6.5 million software developers and still going strong

Java Developer Magazine

Subscribe to Java Developer Magazine: eMailAlertsEmail Alerts newslettersWeekly Newsletters
Get Java Developer Magazine: homepageHomepage mobileMobile rssRSS facebookFacebook twitterTwitter linkedinLinkedIn


Java Developer Authors: APM Blog, Stackify Blog, Pat Romanski, Hollis Tibbetts, Andreas Grabner

Related Topics: Enterprise Architecture, Enterprise Application Performance, SOA & WOA Magazine, Java Developer Magazine

Article

A Maturity Model for Application Performance Management Process Evolution

A model for evolving organization’s application performance management process

As IT systems form the backbone of business operations, their performance plays a key role in business growth. Understanding this fact, organizations work toward obtaining best performance from the software systems to maximize ROI on IT. Now an application's performance can be improved by tuning numerous factors like the underlying infrastructure, deployment configuration, application architecture, design, workload, etc. Yet there is another important factor driving the performance of all applications of an organization - the performance management processes adopted by an organization. The performance management process consists of activities performed to get a better understanding and control of application performance.

Here we present a maturity model that will help organizations evaluate and evolve their processes on certain key dimensions. The scope of the model presented is limited to the activities that have to be carried out as part of the performance management process. In addition, as the people and technology used for process implementation are equally important to achieve the required success, equal emphasis has been given to them. The model describes a six-level evolutionary path to progressively mature performance management processes in an organized and systematic manner. With the increasing maturity of the performance management process implementation, organizations can see a positive impact of the performance engineering adoption on the business.
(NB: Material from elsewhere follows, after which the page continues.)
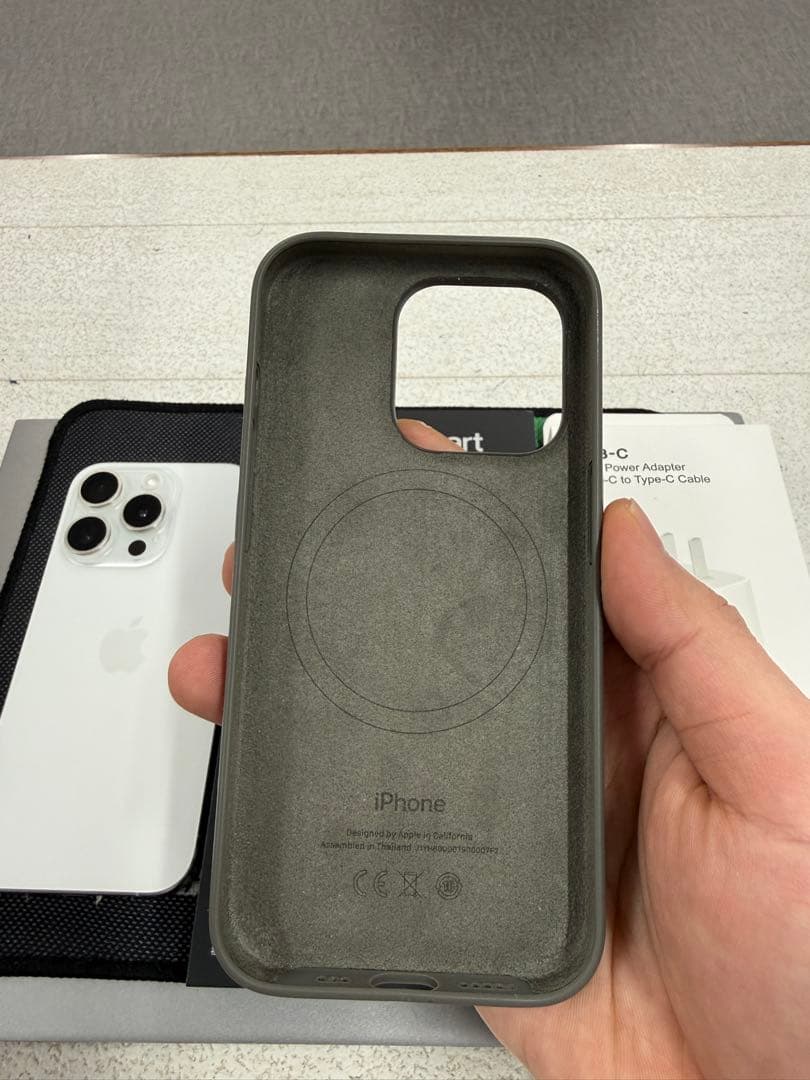 Iphone 15 pro 256gb sim フリー　バッテリー86％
Levels of Performance Management Maturity
Based on the research and experience gained through various performance engineering exercises, we define a performance management process maturity model with maturity levels ranging from level 0 to level 5, as shown in Figure 1.
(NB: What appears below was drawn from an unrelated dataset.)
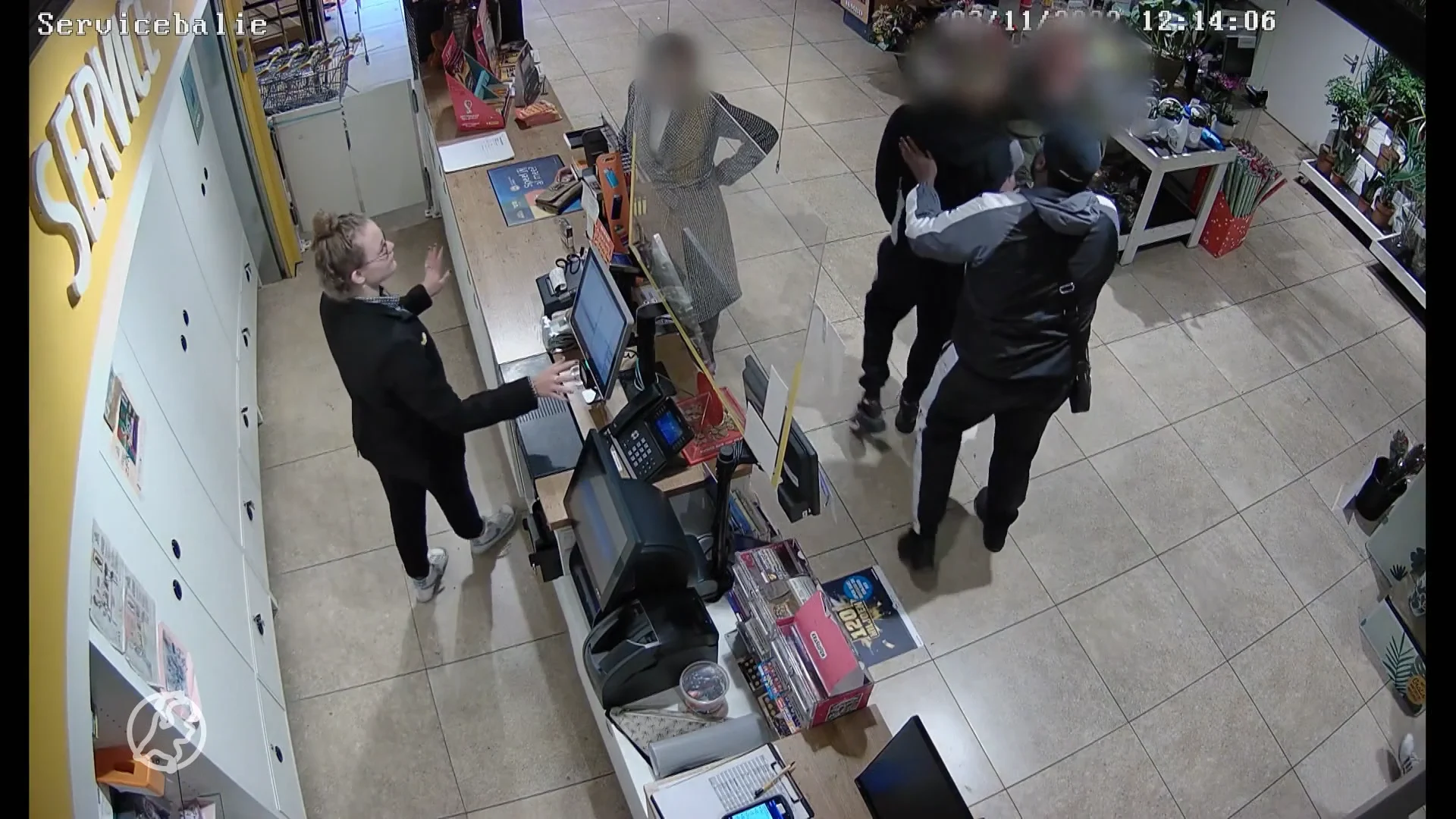 Kraslotdieven slaan supermarktklant, caissières Kim en Irinka zetten achtervolging in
Figure 1: Performance Management Maturity Model

Next we detail the characteristics of a project at various maturity levels. The necessary activities, team, and technology required to achieve higher maturity are also highlighted.

Level 0: Ad-hoc
At this level, the application's performance gets the least attention as the major focus is on meeting the functional requirements. Performance gets attention only when there is a problem in the production environment. Organizations function in an ad-hoc manner as no performance management process exists. All the vendors, performance and technical domain experts are called in to fix performance problems as and when they occur. The use of technology is also not planned, so available tools are only used to identify and resolve the performance issues whenever they occur. This unplanned use of people and technology increases the application maintenance cost and downtime.

Transition to Level 1: Systematic Problem Resolution Mechanisms
Level 1: Systematic Performance Resolution

As the application downtime to resolve the ad-hoc performance issues in production increases, resulting in a heavy loss of business, the importance of a properly organized performance exercise becomes apparent. An immediate priority then is to define and follow a systematic problem resolution mechanism, ensuring that the performance problems are resolved as quickly as possible, reducing system down time.
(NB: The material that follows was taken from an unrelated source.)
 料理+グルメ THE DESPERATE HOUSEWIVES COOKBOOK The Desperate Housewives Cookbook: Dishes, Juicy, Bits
Systematic performance resolution processes with phases like discover, detection, isolation, and resolution are used to fix the problems. Though a process is followed, it focuses only on performance issue resolution. The same tools used at maturity level 0 are used for problem identification and resolution, but in a more structured manner. Performance management strategy is limited to bottleneck analysis and tuning, so technology domain experts are called in to fix the performance problems in production. They follow defined methodology to do application (configuration) tuning until the performance targets are achieved.

Though using a systematic process reduces the application downtime, performance problems and occurrence risks still persist. The steps taken are still for problem resolution, not for identification and the removal of imminent performance problems. So under unusual circumstances, such as holiday transaction volumes, performance SLA violations can occur.

Transition to Level 2: Robust go-no-go gating mechanism
Level 2: Performance Testing

With increasing performance problems in a production environment, organizations realize the inadequacy of ad-hoc and systematic processes to resolve them in a production environment. As problem resolution exercises increase, organizations start feeling the cost of resolving a performance problem in production. Subsequently management realizes the importance of identifying and eliminating performance problems before applications go into production.

To ensure this, a comprehensive performance testing methodology is put in place so that all applications are deployed in production without any performance bottlenecks. Such robust gating mechanism ensures that applications are tested thoroughly for all the business-critical steps under production-like situations.

At this level, performance testing is recognized as a separate function of the software development process. The focus shifts toward a more planned process of problem identification before the deployment of an application. During performance testing, various load testing and monitoring tools are used for performance problem identification. Exhaustive performance test plans are prepared by experienced performance analysts who understand the application and its performance goals. Performance test engineers, skilled in using performance testing and monitoring tools, record and run the scripts. In addition, the performance experts analyze the performance test results and recommend the appropriate steps to be followed to resolve the performance bottlenecks. Thus, there is a cost for the specialized people involved in the project.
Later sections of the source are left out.